The little boy had no injuries and was returned to his family.
A young local boy was rescued by two bystanders and a National Sea Rescue Institute (NSRI) station commander after being swept out about 100m to sea by rip currents at Rocky Bay last Tuesday afternoon.
The NSRI Rocky Bay station received reports of a child in difficulty in the water and its station commander, Kevin Fourie, scanned the ocean but could not see anyone in distress.
Mr Fourie contacted Umdoni Municipal lifeguards at the main beach who also searched the ocean, but could not see the child.

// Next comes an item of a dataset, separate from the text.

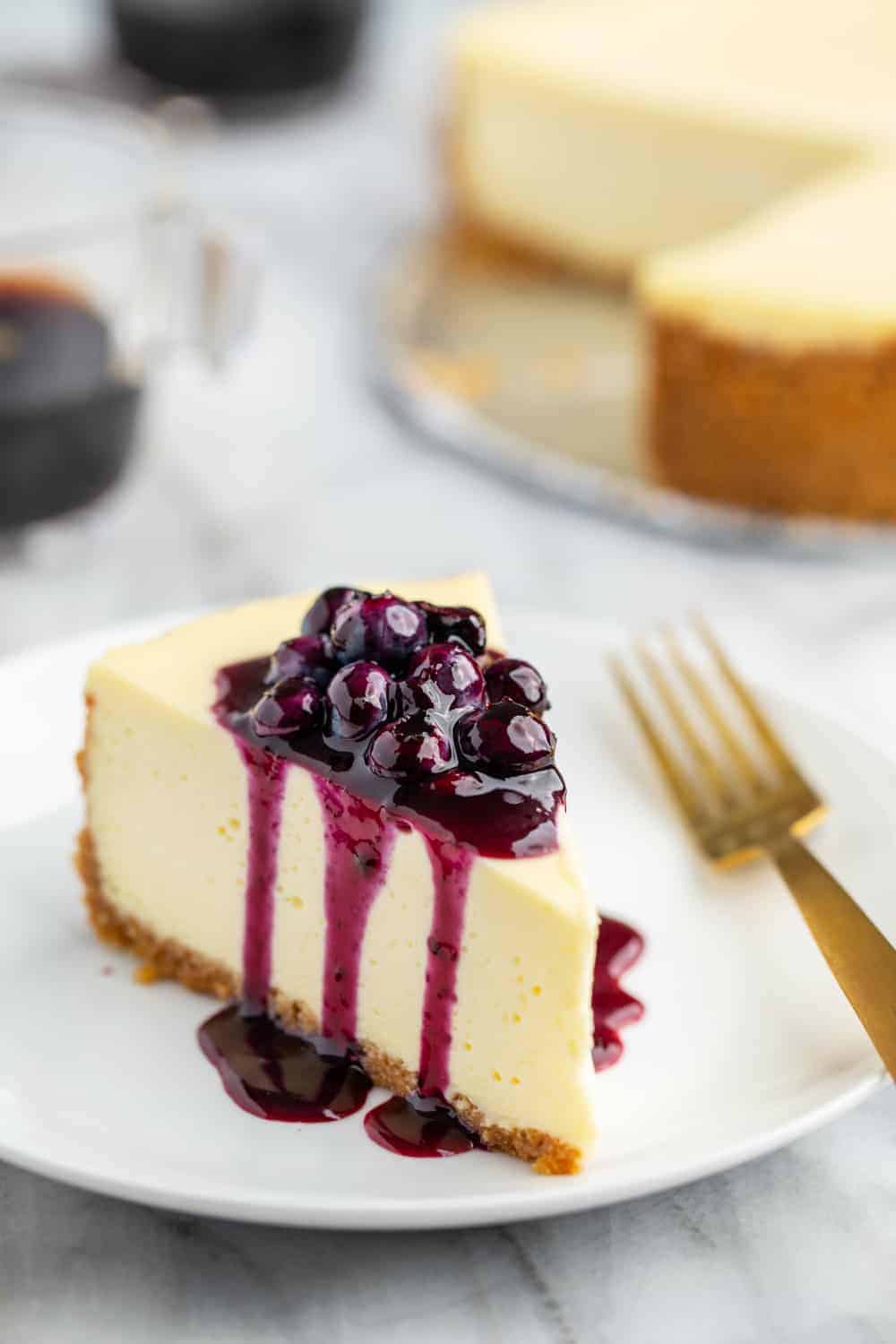 Slice of vanilla cheesecake topped with blueberry sauce, with the rest of the cheesecake in the background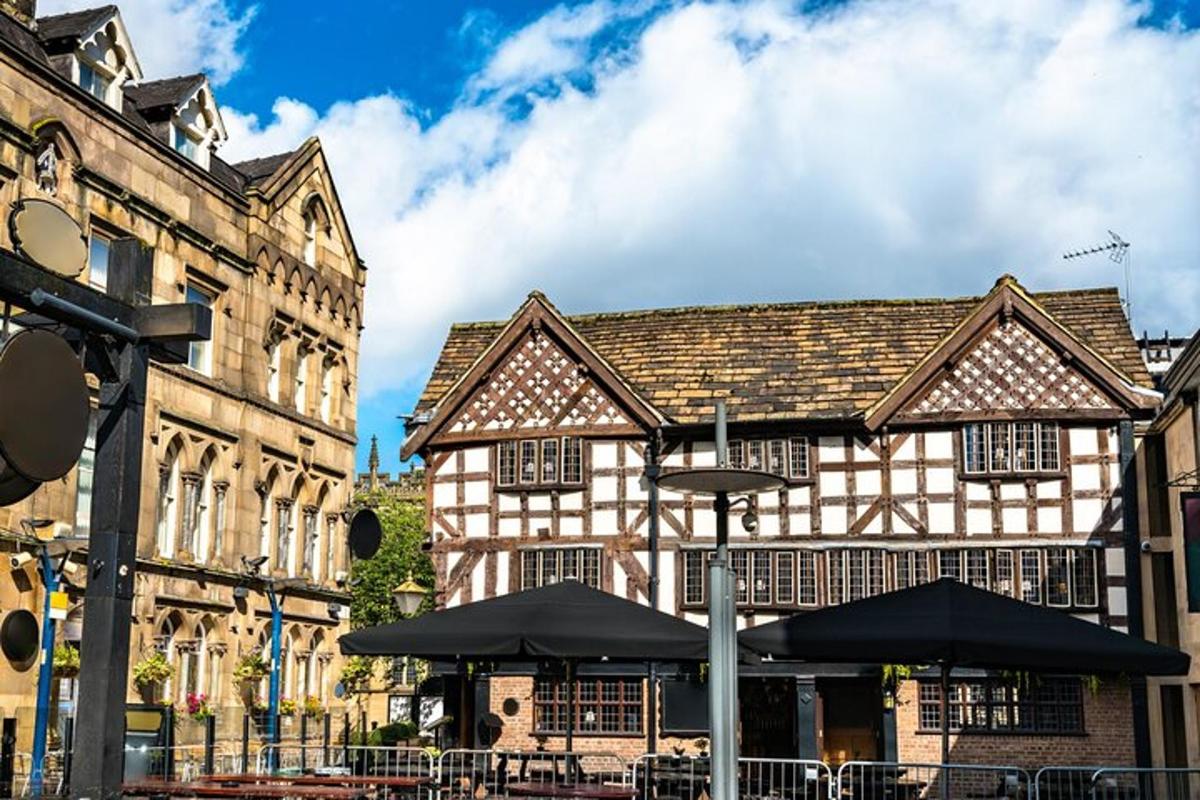 an old building with tables and umbrellas in front of it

They were shortly informed that the boy was in the process of drowning in front of the Rocky Bay caravan park which is not protected by lifeguards, and upon hearing this, rushed off to the scene in an inflatable rescue boat together with Scottburgh Umdoni Municipal lifeguards.
When the team arrived at the scene, they discovered that two local men, Richard Gibson and Nick Bell, with the help of NSRI Durban station commander, Jonathan Kellerman, were able to use an NSRI pink rescue buoy and a bodyboard to save the child.
Rescuer Richard stated that without hesitation, he launched into the water and swam out towards the boy.
Before heading in, he asked his son to alert his friend Nick of what was going on.
Station commander Jonathan, who was at the beach with his family on holiday, soon realised what was happening, grabbed the rescue buoy and swam out to assist.
Nick followed behind him on a bodyboard.
In a combined effort and with the two floatation devices, the boy was brought to shore.
The NSRI commends all three men involved in the rescue and advises anyone who sees a person in difficulty to throw the pink rescue buoy to the casualty and alert the sea rescue emergency numbers that are displayed on the pink rescue buoy boards.
Pink rescue buoys are stationed around the country at beaches that are mostly unprotected by lifeguards.
Since the rescue buoys were introduced at beaches in 2017, NSRI has recorded 72 lives being saved by these floatation devices around the coastline.